VGU: So it would become a wearable?

TC: Into the actual goggles or onto your person so you’d get the feedback that way. That’d pretty cool.

VGU: So, is there any sort of, idea or plan in place to implement a controller-less haptic system into a first-person game? Is that the next step?

TC:  Not quite yet. We’ll get there, but not quite yet. We’ve got a bunch a demos that we’ve made,which are what I call an introduction to the technology. They take you through, from super-simple so that you can’t possibly get it wrong, through more and more useful steps until you’ve got something that’s kind of useful. We’ve not made any VR demos, and that’s the next thing that we want to do.

VGU: So the next thing is to try and integrate the technology into some sort of game?

TC: A VR demo, yes, exactly.

VGU:  Specifically VR?

TC: Could be AR [Augmented Reality], but I would like some sort of headset where you can see virtual objects and you can reach out and touch them.

VGU: Do you see any non-VR, non-AR application for this?

TC: Yeah, absolutely. In gaming, there’s the Kinect-style idea where the content’s still on the screen, but having some kind of tactile feedback when you’re interacting with the game would be really useful. The real breakdown of the Kinect, if you watch somebody using it, when they’re playing the games it’s fantastic – you can leap, you can jump, you can flail your arms around, and that’s brilliant. And then you have the menu screen and you’ve got two buttons, and pressing the buttons is really awkward, so you have to have these really big gestural movements in order to press them, whereas if you could hold your hand out and feel the button on your hand – “here’s two buttons, and you can press them like this” – rather then making these massive movements, that’s a big help there as well.

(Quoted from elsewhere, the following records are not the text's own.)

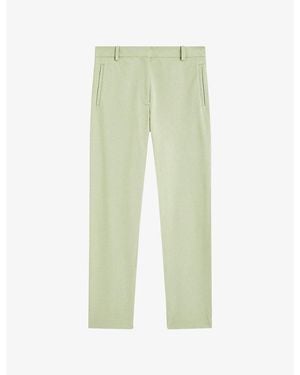 JOSEPH Eliston Slim-Fit Stretch-Woven Pants - Green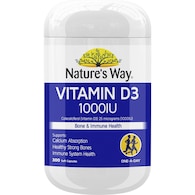 Nature's Way Vitamin D3 1000IU Soft Capsules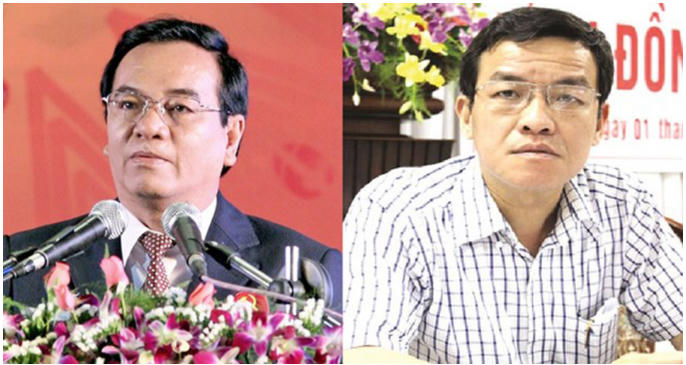 Ông Trần Đình Thành, cựu Bí thư tỉnh Đồng Nai (trái) và ông Đinh Quốc Thái, cựu Chủ tịch UBND tỉnh Đồng Nai.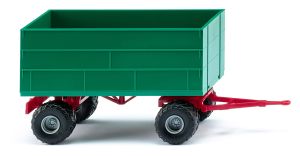 WIK038837 - green 2-axle agricultural trailer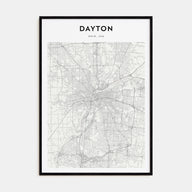 Dayton Map Portrait Poster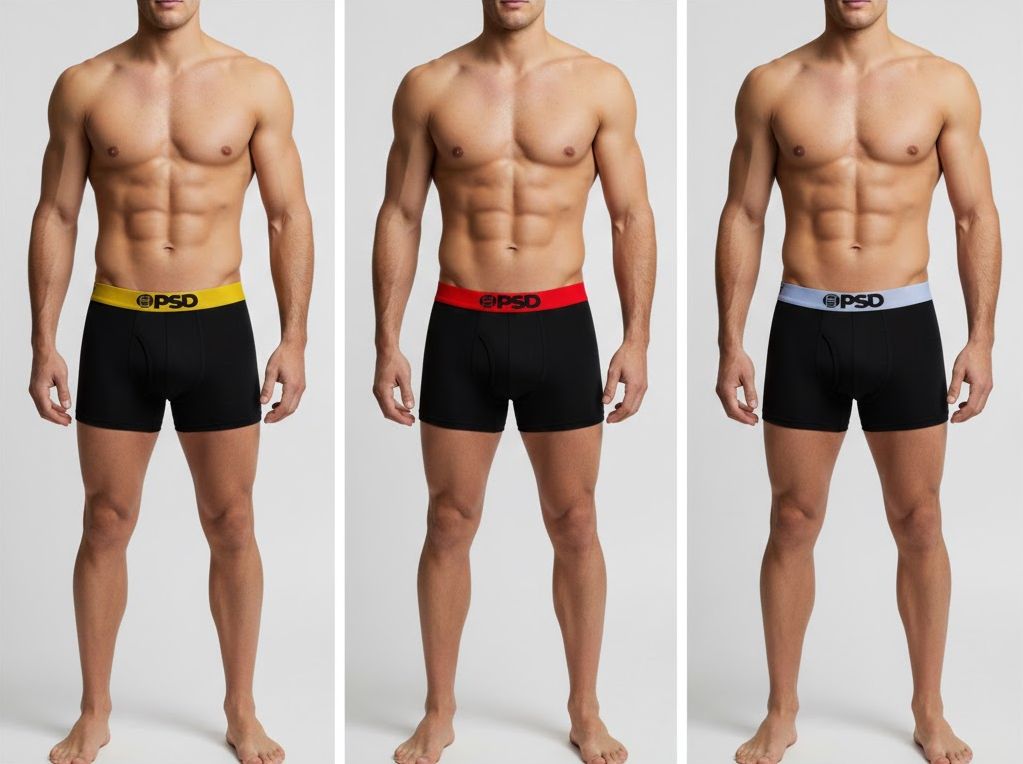 pánské boxerky PSD - BLACK - 3 ks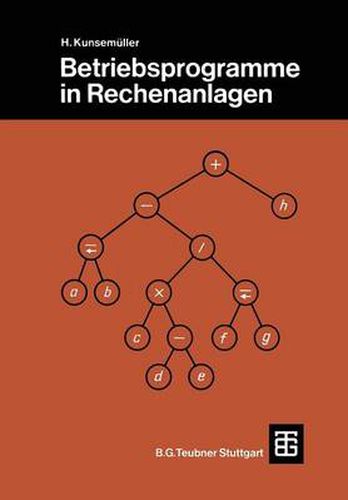 Cover image for Betriebsprogramme in Rechenanlagen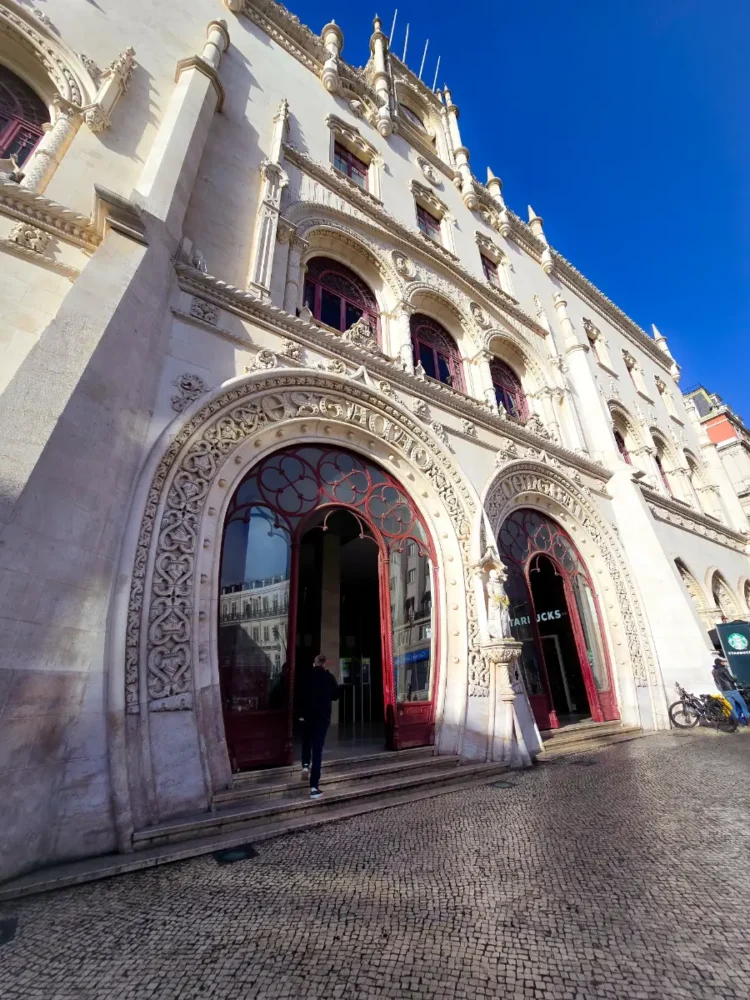 Rossio Train station as the starting point of Sintra day trip from Lisbon
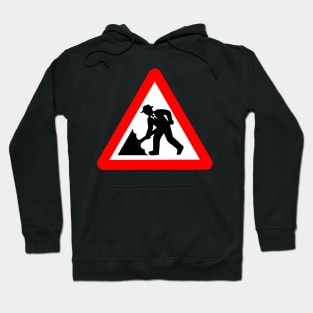 Caution! Men Singin' In The Rain! Hoodie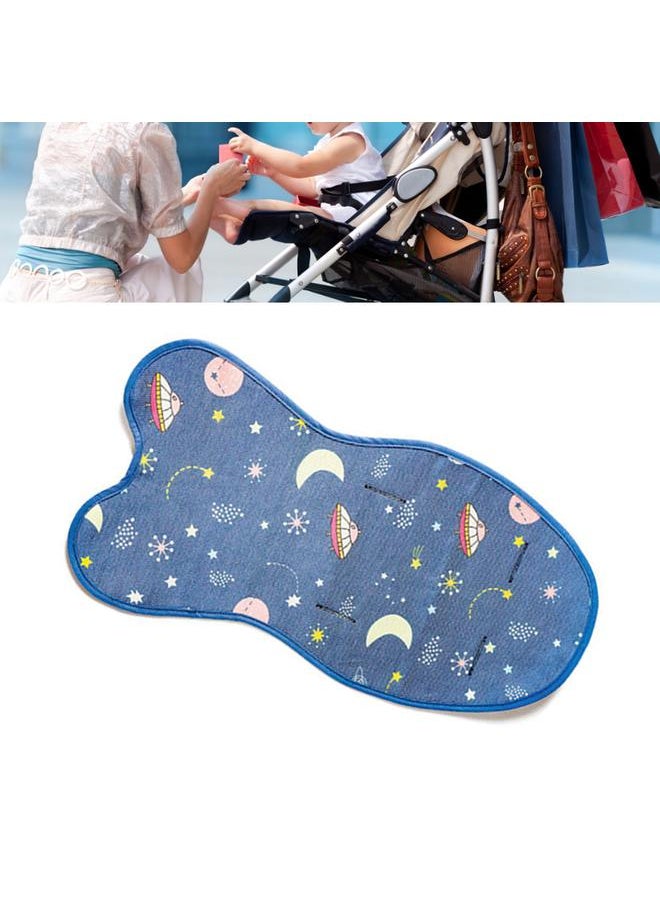 Thoraya - Baby Stroller Cool Pad Summer Ice Cooler Mat Breathable Sleeping Cushion Pad Liner for Stroller High Chair Deep Blue - Image 1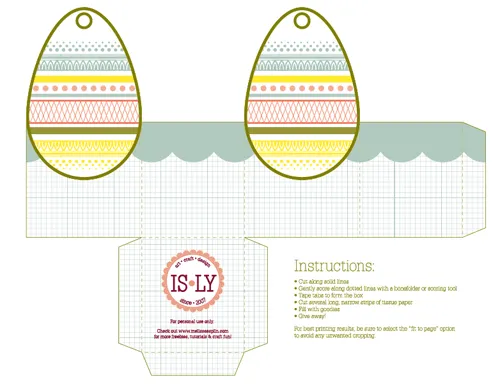 Easter Egg Basket Printable - I Still Love You by Melissa Esplin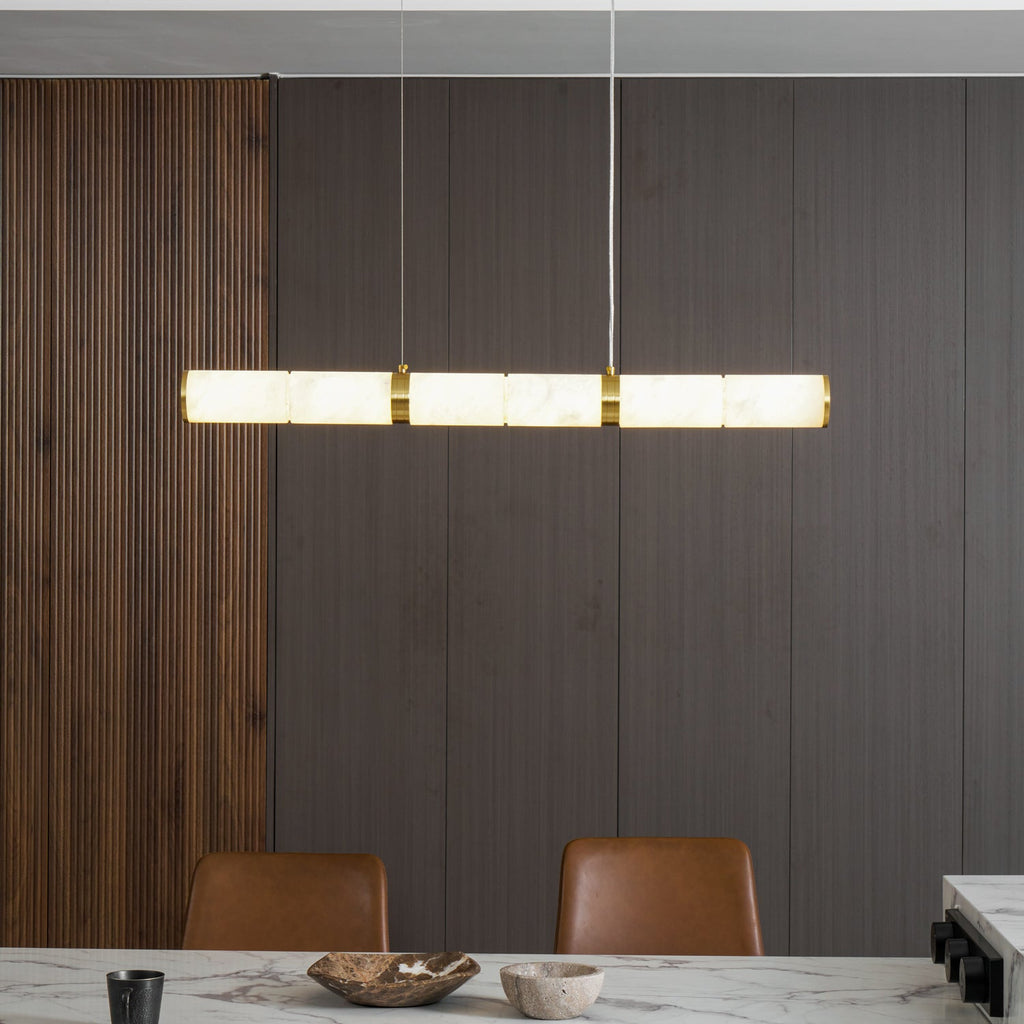 Alabaster Beam Pendant Light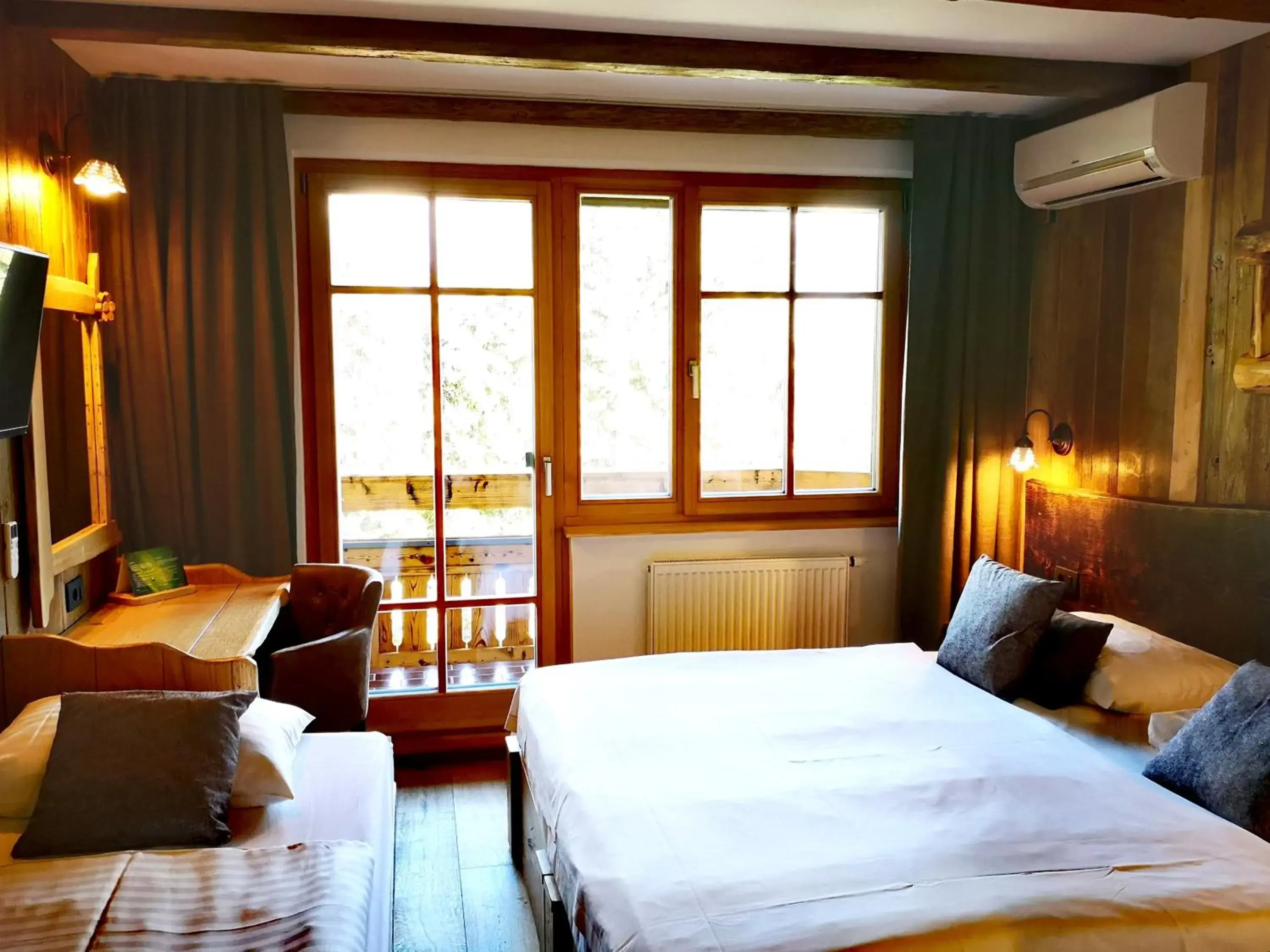 Bed in Ribno Alpine Hotel Bed in Ribno Alpine Hotel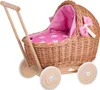 Lili Naturfarbiger Puppenwagen aus Weide mit Bettwäsche Produktbild-Vorschau 1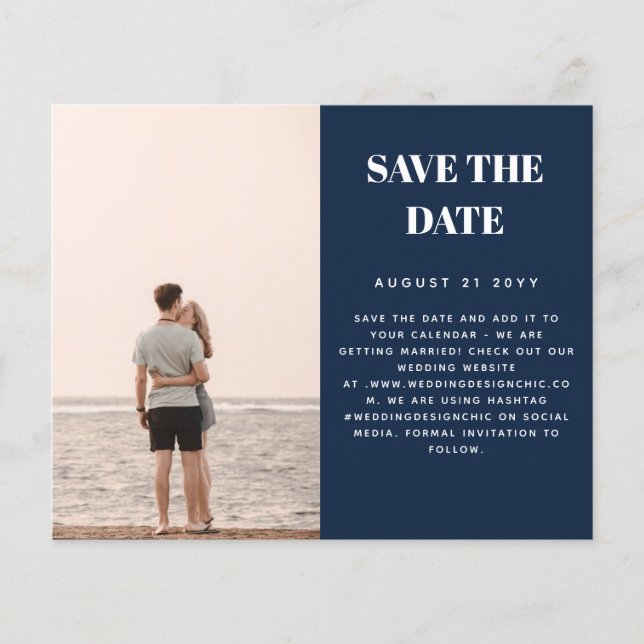 Papier Date de sauvegarde de photo de BUDGET Minimaliste  (Devant)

VGU: OK, well, I think that’s great. Thank you very much for talking to me.

TC: Cool, thanks.

Ultrahaptics is planning on collaborating with developers to create a really convincing demo that will hopefully get more people on board with their system. During his talk, Tom also mentioned that they’re currently working on creating “shapes” using the ultrasonic waves, such as cubes, spheres and pyramids. It will be interesting to see how the actual device is integrated, and the future looks promising for this potentially revolutionary control method.